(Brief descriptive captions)
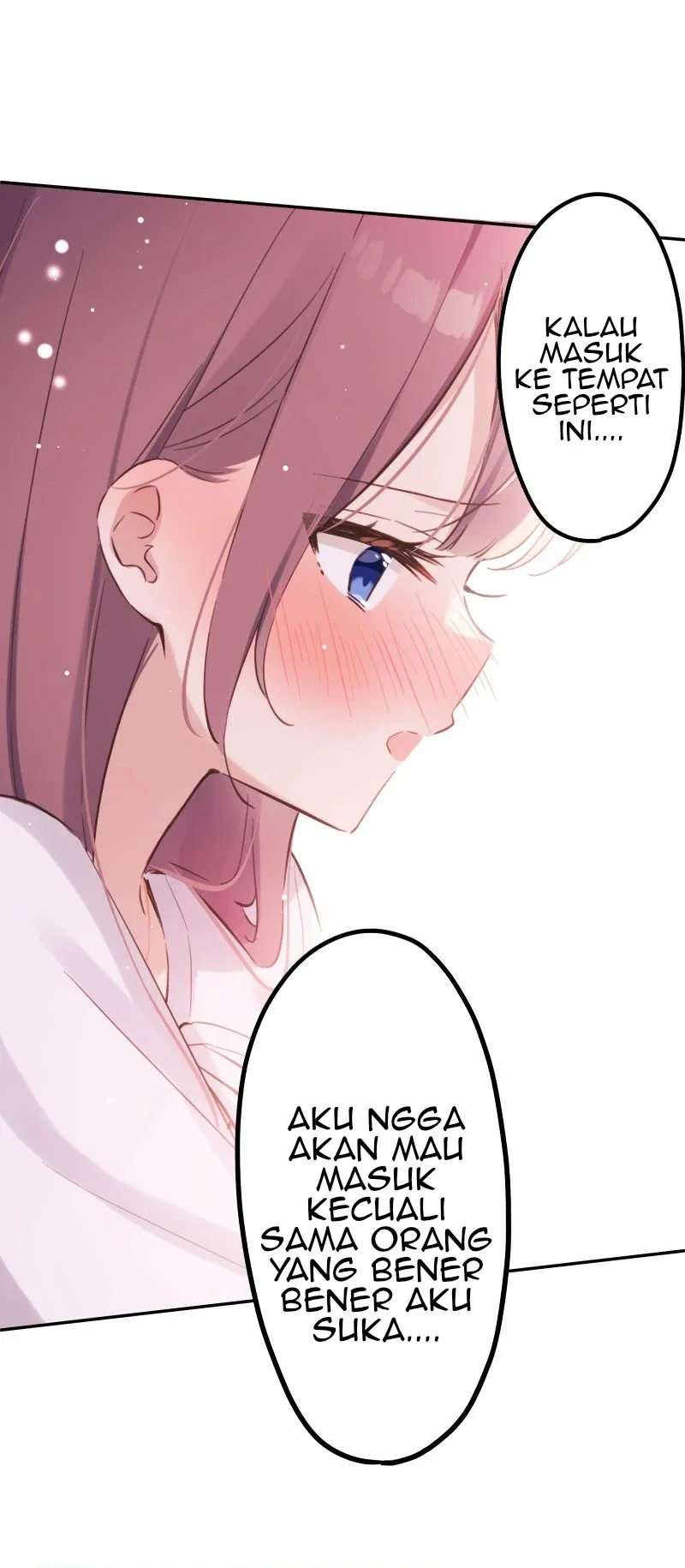 Halaman 35 — Waka-chan Is Flirty Again Chapter 162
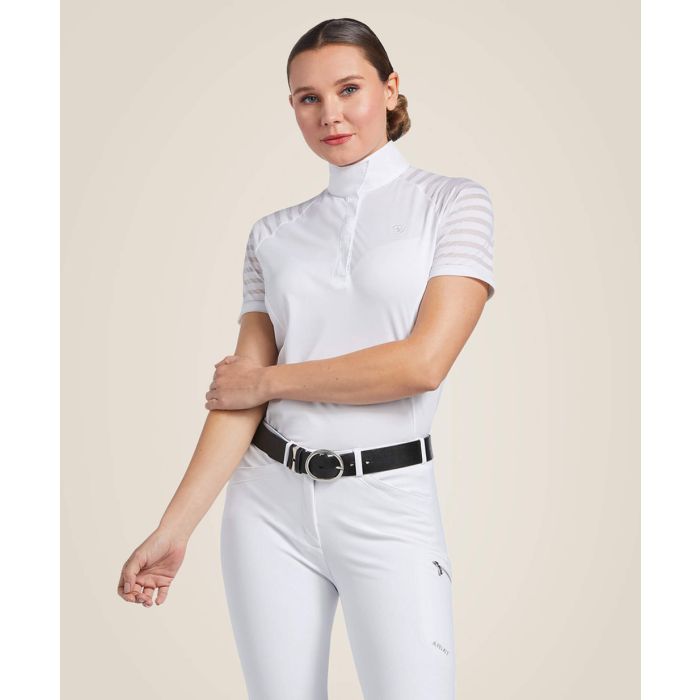 Ariat Ladies Aptos Vent Short Sleeve Show Shirt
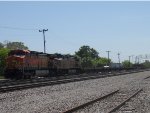 BNSF 5709 WEST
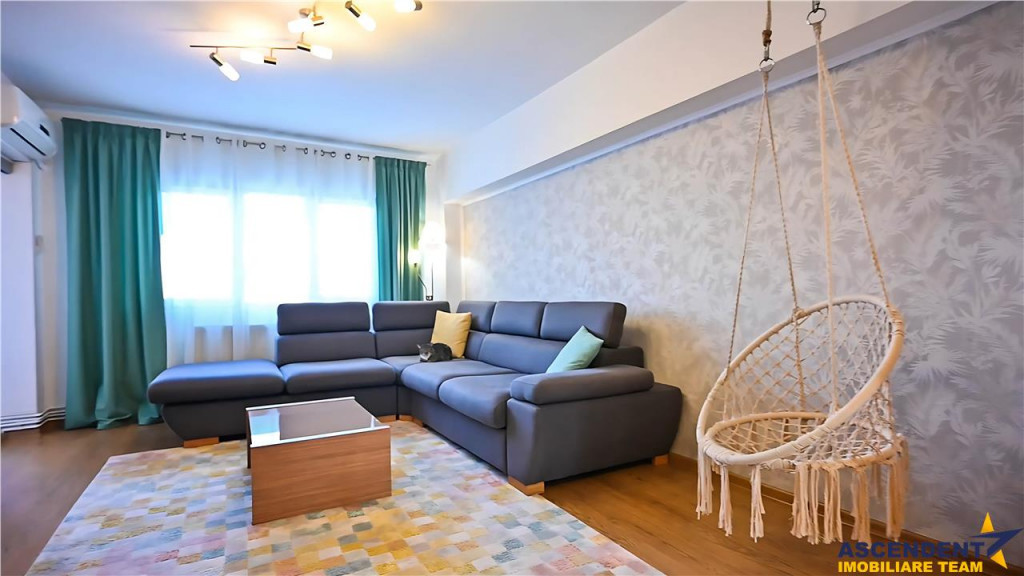 Rezidenta distincta, decomandata, 4 camere, 85 mp, 2 locuri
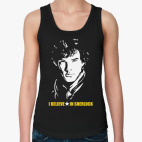 Женская майка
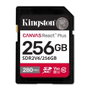 Kingston Canvas React Plus 256 Go SDXC UHS-II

- [DIRECTIONS FOR THIS TASK]
Copy out all the data without changing anything, and drop the pictures.

- [ANSWER TO THE EXERCISE]
 Halaman 35 — Waka-chan Is Flirty Again Chapter 162
 Ariat Ladies Aptos Vent Short Sleeve Show Shirt
 BNSF 5709 WEST
 Rezidenta distincta, decomandata, 4 camere, 85 mp, 2 locuri
 Женская майка
 Kingston Canvas React Plus 256 Go SDXC UHS-II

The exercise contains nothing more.